# 05 exhaust cut outs



## EEZ GOAT (Jul 9, 2005)

:cheers i want to get cut outs on my magnaflow cat back. just installed 3 weeks ago and want that sound at a flip of the swicth but dont no how to go about getting them and where. help me out


----------



## EEZ GOAT (Jul 9, 2005)

:seeya:


----------



## GTODEALER (Jan 7, 2005)

quick time performance


----------



## EEZ GOAT (Jul 9, 2005)

is that the web site address?


----------



## EEZ GOAT (Jul 9, 2005)

k i got it. man 400 bucks. the one i c on pfyc.com, is that for one or two? belive it just said 147.00. dont no if its for 2 or not. then i saw some on streetpro.com for 57.00 gotdealer do u have some for sale?:cheers


----------



## GTODEALER (Jan 7, 2005)

I don't sell them, personally I hate them, you spend all that money thinking it will be leak free and unnoticeable until you flip the switch.
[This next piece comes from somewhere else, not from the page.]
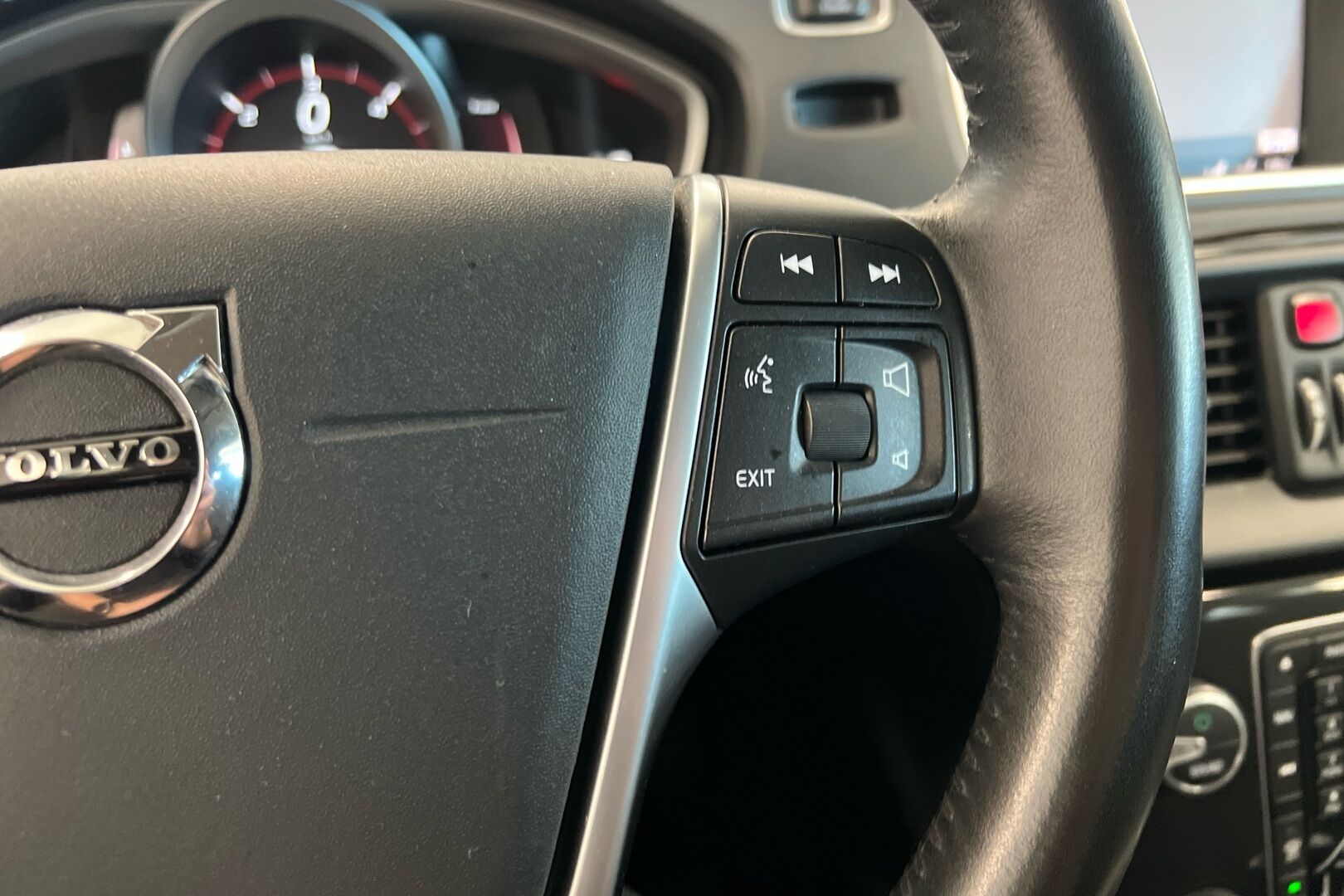 Volvo V40 iso kuva 17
Then, after you've installed them (and can't get your friggin' money back) you find out they don't seal completely (annoying exhaust leak), and they're not all that loud. If you want my opinion.... don't buy them, save yourself 350-400 dollars and put it towards other (better) mods.
BTW, here are the prices....
-Quick Time Performance- $395.00/pr or $199/ea
-PFYC.com- $289.00/pr or $148/ea


----------